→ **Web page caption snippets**
*-*-*

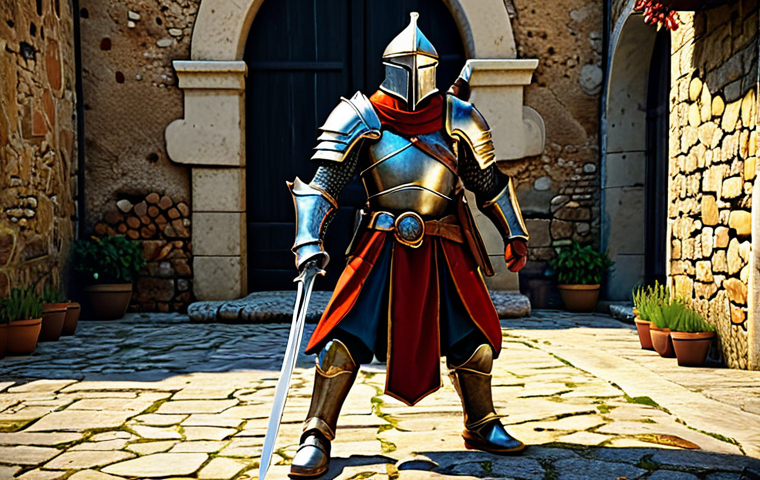 캐릭터 디자인 교육과정 개발 사례 - **Character Design Portfolio Review:** "A hiring manager reviewing a character design portfolio feat...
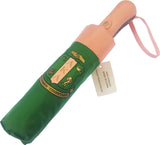 Alpha Kappa Alpha Mini Hurricane Umbrella [Green/Pink]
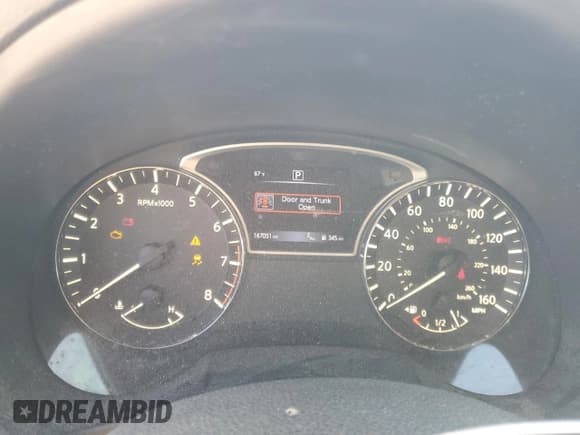 ✅ 2017 Nissan Altima S • VIN: 1N4AL3AP2HC119662 • Lot: 92071785. Wystawiony na Copart z przebiegiem 167 051 mil. Bezpłatny archiwum sprzedaży aukcyjnych z USA i szczegółowy raport historii pojazdu na DreamBid. Zdjęcie 9.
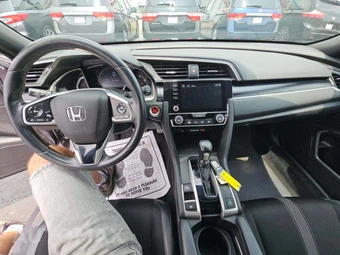 2021 Honda Civic Sedan Sport - miniatura 10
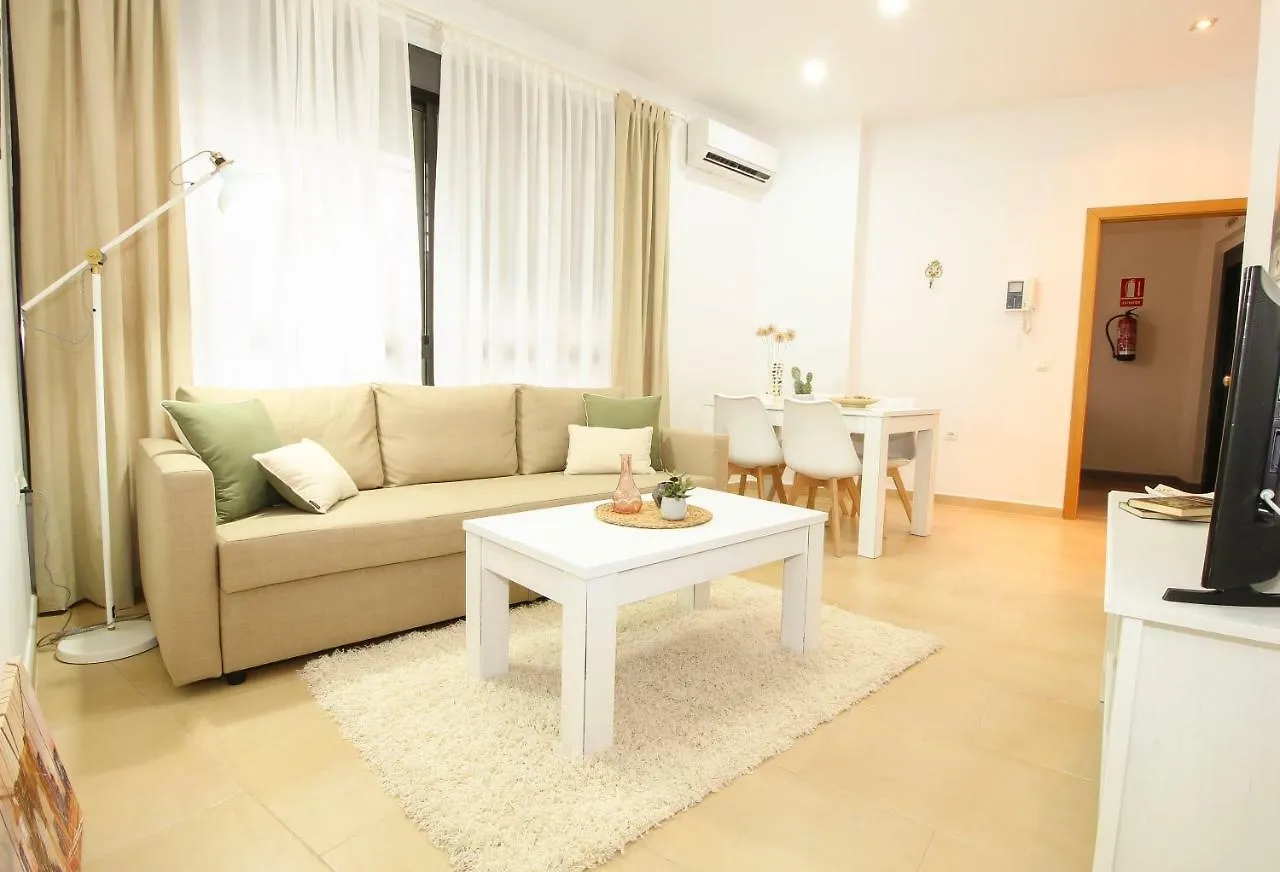 Apartment Apartamento San Julian Seville Spain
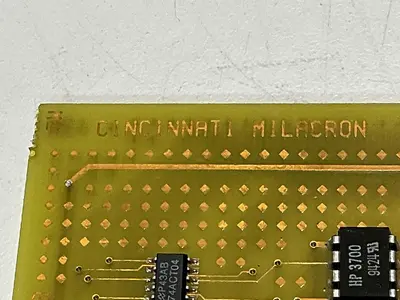 USED CINCINNATI MILACRON 3-542-1194A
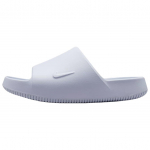 Nike Calm 2.0 Mugav istuvus Pl&auml;tud Naiste sandaalid Helehall IB7561-002 35.5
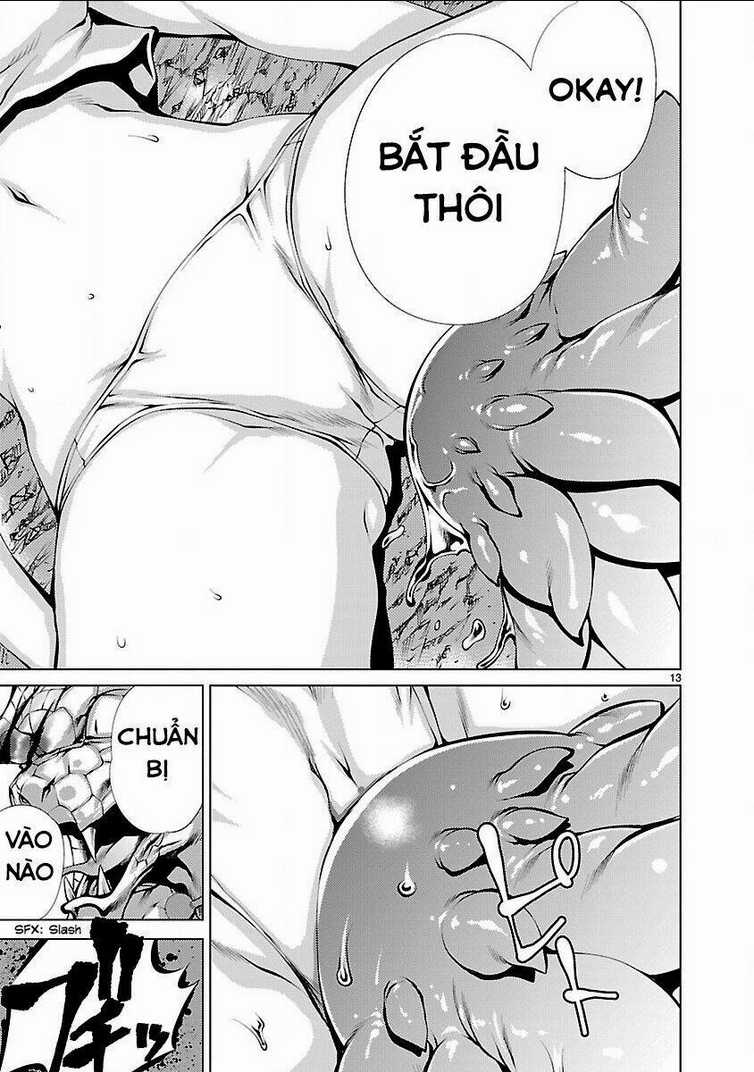 Killing Bites - Chapter 15 - Trang 15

*-*-*

→ **Task statement**
Produce an exact copy of the lines from the line containing "Nike Calm 2.0" through the last line of the records, with no pictures and no other text.

→ **Exercise result**
 Nike Calm 2.0 Mugav istuvus Pl&auml;tud Naiste sandaalid Helehall IB7561-002 35.5
 Killing Bites - Chapter 15 - Trang 15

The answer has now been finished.